■ TASK OBJECTIVE ■
Produce an exact copy of all the data below, dropping every image.

■ PROVIDED DATA ■
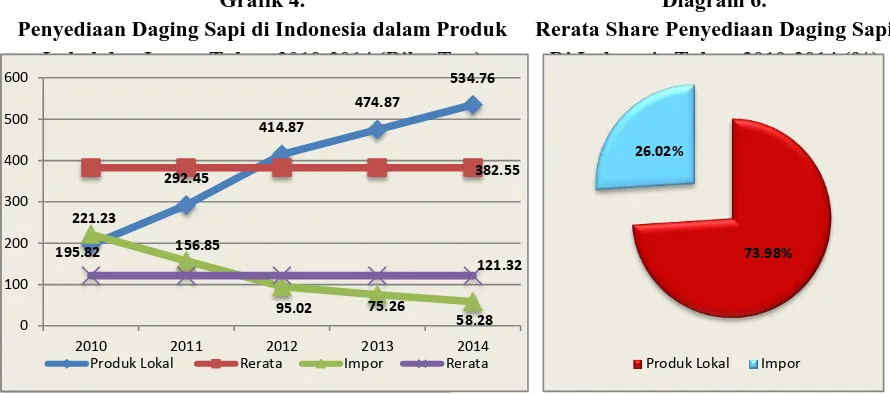Grafik 4. Penyediaan Daging Sapi di Indonesia dalam Produk 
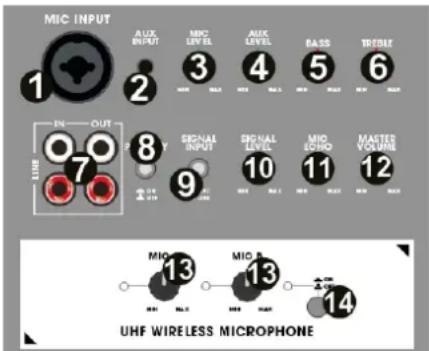 Vonyx Verve38 - NETZANSCHLUSS UND SICHERUNGSHALTER - 1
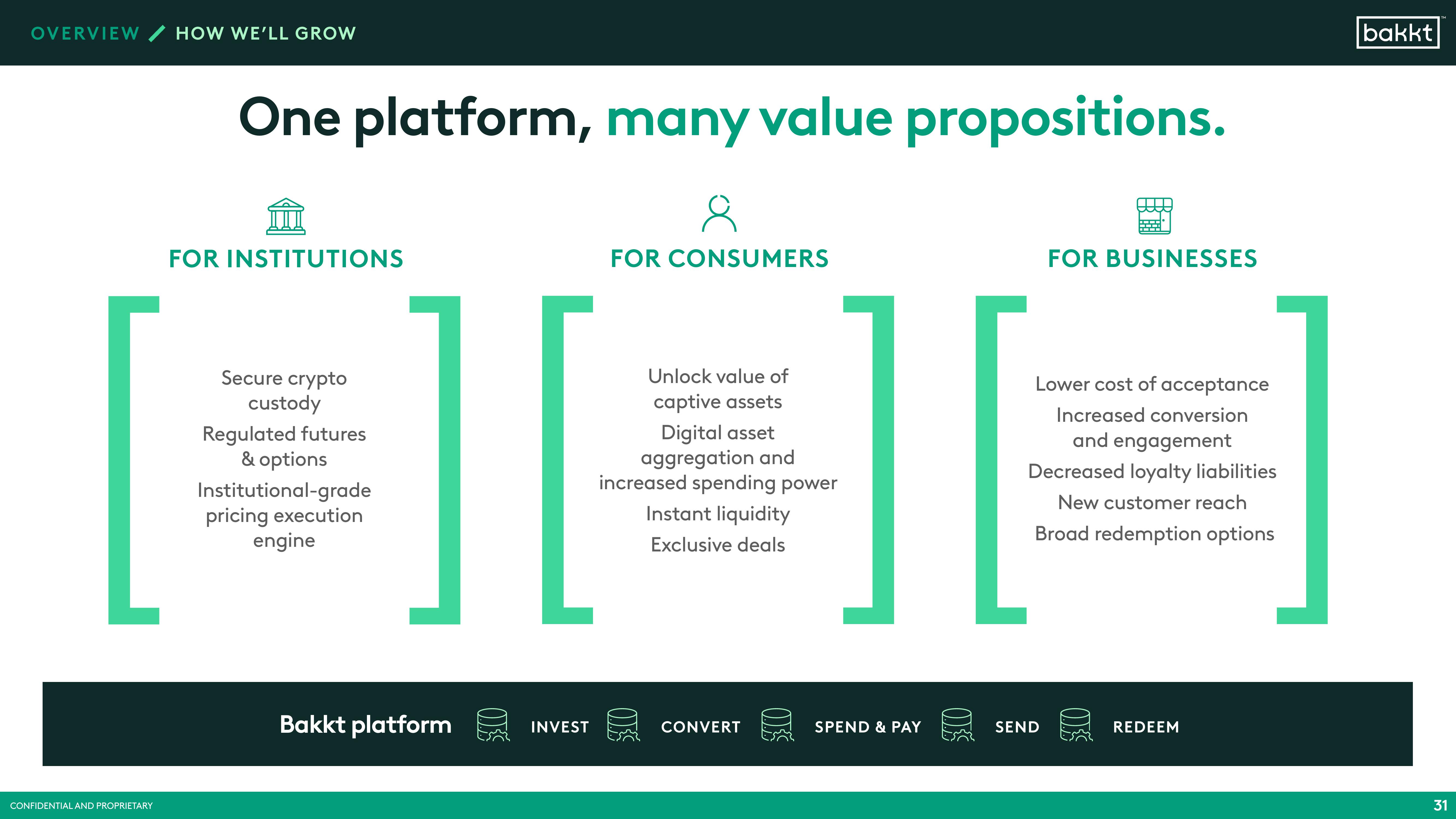 Bakkt SPAC Presentation Deck slide image #33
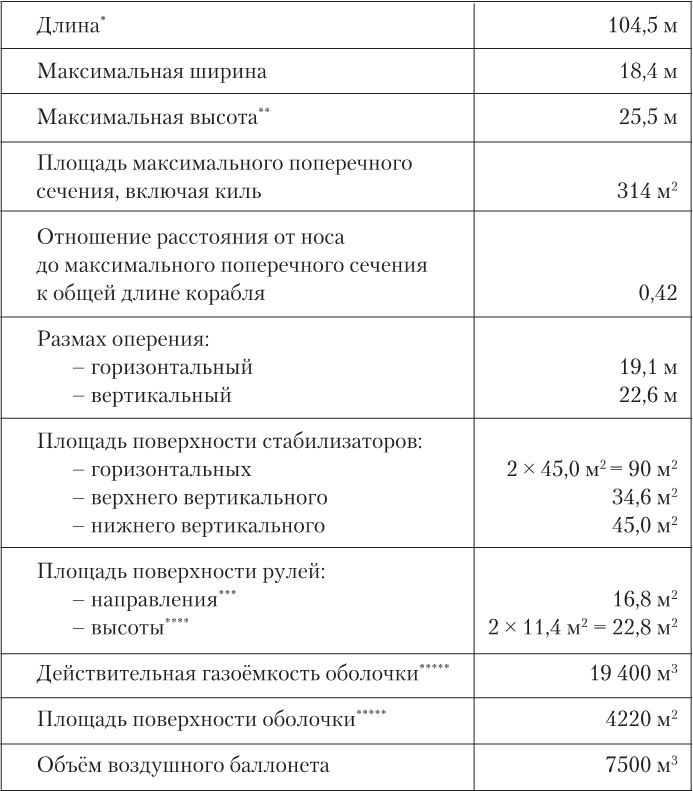 Девятьсот часов неба. Неизвестная история дирижабля «СССР-В6»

■ EXERCISE SOLUTION ■
Grafik 4. Penyediaan Daging Sapi di Indonesia dalam Produk 
 Vonyx Verve38 - NETZANSCHLUSS UND SICHERUNGSHALTER - 1
 Bakkt SPAC Presentation Deck slide image #33
 Девятьсот часов неба. Неизвестная история дирижабля «СССР-В6»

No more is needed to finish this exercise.